A Different Chicken Tortilla Soup
3 stalks celery, chopped
1 medium onion, chopped
1 tsp. garlic powder
Olive oil
32 oz. chicken broth
1 can diced tomatoes, with juice
1 can Rotel tomatoes and chiles, with juice
2 packets McCormick taco seasoning
10 corn torillas, ripped into small pieces
3 chicken breasts, cooked and chopped
12 oz. Monterey Jack cheese, shredded
Salt and pepper to taste
Directions
1. Sprinkle celery and onion with garlic powder. Cook in oil until translucent.
2. Slowly add chicken broth, diced tomatoes and Rotel. Stir well.

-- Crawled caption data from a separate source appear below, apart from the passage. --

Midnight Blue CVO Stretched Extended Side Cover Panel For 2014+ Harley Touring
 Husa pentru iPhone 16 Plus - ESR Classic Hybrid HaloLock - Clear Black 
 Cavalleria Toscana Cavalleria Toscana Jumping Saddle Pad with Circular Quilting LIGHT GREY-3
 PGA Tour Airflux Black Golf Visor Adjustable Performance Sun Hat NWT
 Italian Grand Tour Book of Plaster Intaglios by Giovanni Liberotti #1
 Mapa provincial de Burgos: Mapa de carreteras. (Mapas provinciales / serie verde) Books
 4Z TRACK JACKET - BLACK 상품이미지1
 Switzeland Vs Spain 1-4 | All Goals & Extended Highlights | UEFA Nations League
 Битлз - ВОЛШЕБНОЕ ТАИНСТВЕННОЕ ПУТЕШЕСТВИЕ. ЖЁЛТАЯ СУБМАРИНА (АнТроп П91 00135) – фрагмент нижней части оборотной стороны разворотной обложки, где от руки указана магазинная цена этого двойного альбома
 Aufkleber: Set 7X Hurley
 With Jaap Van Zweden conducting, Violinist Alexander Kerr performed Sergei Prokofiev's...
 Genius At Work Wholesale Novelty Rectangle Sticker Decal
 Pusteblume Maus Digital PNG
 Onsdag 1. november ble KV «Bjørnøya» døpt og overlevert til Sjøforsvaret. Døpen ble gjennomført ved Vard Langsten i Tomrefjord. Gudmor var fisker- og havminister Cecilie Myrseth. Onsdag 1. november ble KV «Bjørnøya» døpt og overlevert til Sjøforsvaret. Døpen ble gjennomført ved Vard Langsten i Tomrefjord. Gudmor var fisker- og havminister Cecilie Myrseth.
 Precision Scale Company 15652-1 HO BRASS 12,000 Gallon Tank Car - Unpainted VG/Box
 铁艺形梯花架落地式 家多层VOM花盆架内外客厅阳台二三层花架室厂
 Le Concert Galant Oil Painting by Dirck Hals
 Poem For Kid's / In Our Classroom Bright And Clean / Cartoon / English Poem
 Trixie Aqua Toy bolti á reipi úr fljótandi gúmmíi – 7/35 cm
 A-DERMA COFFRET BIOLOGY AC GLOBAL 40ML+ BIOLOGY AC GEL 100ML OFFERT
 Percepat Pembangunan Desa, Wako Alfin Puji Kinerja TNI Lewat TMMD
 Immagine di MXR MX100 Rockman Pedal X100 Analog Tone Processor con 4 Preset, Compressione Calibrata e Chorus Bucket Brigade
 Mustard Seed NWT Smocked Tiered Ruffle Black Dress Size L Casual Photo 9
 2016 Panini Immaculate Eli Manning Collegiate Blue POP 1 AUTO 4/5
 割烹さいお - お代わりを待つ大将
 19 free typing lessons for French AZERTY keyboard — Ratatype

3. Add taco seasoning packets, chopped chicken and torn tortillas.
4. Bring to boil for 15-20 minutes, stirring frequently to break up tortillas.
5. Reduce heat to simmer. Add cheese. Stir until melted.
6. Salt and pepper to taste.
Serve by garnishing with some extra shredded cheese.
Enjoy!
Chicken-rice egg-lemon cream soup. About four quarts.
I presume that you know how to boil some pieces of chicken in about five quarts of water until the meat pulls away and you have about four quarts of broth. Take out the meat and set it aside. If you would like, debone it, shred it and put it back in the broth or if not, not. (It’s delicious with salt, pepper and lemon just by itself.)
Salt to taste.
Throw about two cups of long grain rice into the broth.
As your rice is boiling the hard part starts.
Six eggs. Separate the yolks from the white. My mother would whip the white and the yolks separately and combine them after. My mother in law just whips the yolks very fine and discards the whites. Same thing. Add the juice of two lemons to the eggs while still whipping. When you consider your rice cooked enough, turn off the heat and add hot broth to your eggs while whipping. Keep whipping. You don’t want the egg to curdle. (That’s why my wife throws away the whites.) Keep adding hot broth. Make your “meringue” as hot as possible. Pour evenly into pot. Stir in or leave as a creamy layer on top.
Isn’t that “Avgolemono?” It’s one of my favorite Greek foods! Then again, it’s hard to go wrong with Greek food.
Yup. And it works with a lamb (or pork) with endive (or celery or lettuce) fricasse too but there you have to stir it in. Very little water in the fricasse. Just enough to cover the meat. The vegetable will produce enough broth. Add pepper, if you like it, and green onions for a little something extra.